Like my cousin's t-shirt says...

...freedom isn't free. Though, I doubt his shirt referred to the statistical computing wars that occassionally bubble up among academics.

Over at the wonderful blog Data Colada is a new piece about reproducibility in R. R is a fantastic statistical computing environment. It is free, it is flexible, and it has a following among academics that makes Elon Musk fans look sleepy.

Simonsohn highlights a critical problem with R: reproducibility. The R program itself, as well as the many user packages that academic research depends upon, are frequently updated, making posted code likely to have a shelf life closer to milk than the academic timeline needed for reproducing results. This is a critical issue that any serious researcher will need to build into their workflow.

Simonsohn discusses this issue in terms of reproducing already published work. I suspect it also likely causes issues for folks in between rounds of review prior to publication. If the review process can take anywhere between three months to multiple years, then the problems of package stability torpedoing one's results will likely occur during this early phase of a paper as well. Definitely not something graduate students or early career researchers should hope for.

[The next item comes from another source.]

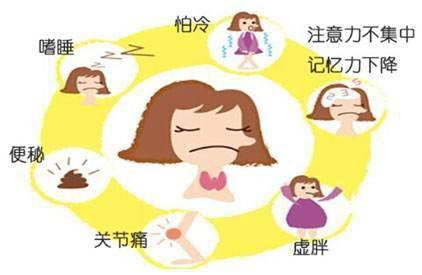 甲減的癥狀與危害，深入了解甲狀腺功能減退的影響，甲狀腺功能減退的影響及癥狀詳解，深入了解甲減的危害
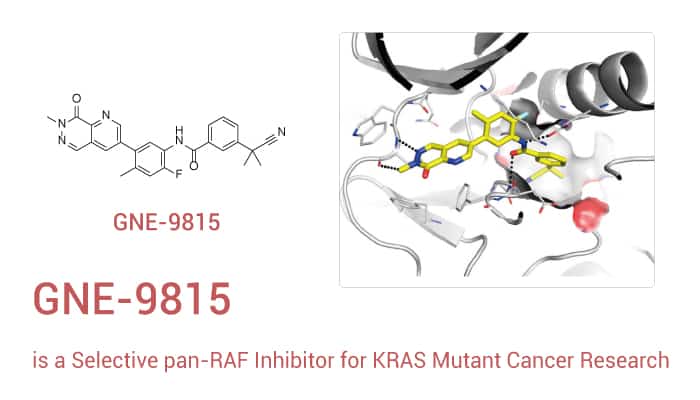 GNE-9815 is a highly selective pan-RAF inhibitor, can be used to research KRAS mutant cancers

Now, Simonsohn is incredible and so has developed a package to anchor package updates: groundhog. You use the groundhog package and then you can anchor your program to a particular day's pacakge update.

I have no strong feelings about statistical software environments and I generally feel embarrassment when I see the occassional snarky fight on academic social media about the rank ordering of statistical program supremacy. Use R. Use Python. Use SAS. Use Stata. Use Matlab. Whatever. Do good research and invest more of your thought into research design and underlying statistical and methodological principles. I suspect such an investment will yield much greater returns in the long run.

If you use R, then it seems like you should immediately begin to incorporate groundhog into your default workflow. Easy. But I am left feeling ever so slightly uneasy. I'd just say that this feels a bit like opening up a new credit card to pay off your massive credit card debt. Problem solved! That initial debt is paid off and I'm not behind on my payment! I have a whole 30 days to deal with this new big debt! The fundamental problem with R seems to be that it is dependent on the whims of package updates? Let's solve it with a package that may or may not be stable across time!

Don't read into my argument too strong of a sentiment. R is great, I occassionally use it in my own projects, and I assume groundhog will go far in fixing issues of reproducibility. I'm thinking of making a more permanent transition to it someday. But Simonsohn's post highlights a serious cost to the program that cuts to fundamental principles of academic research. Don't discount this issue because if feels like a cooler or harder or more legitimate software environment.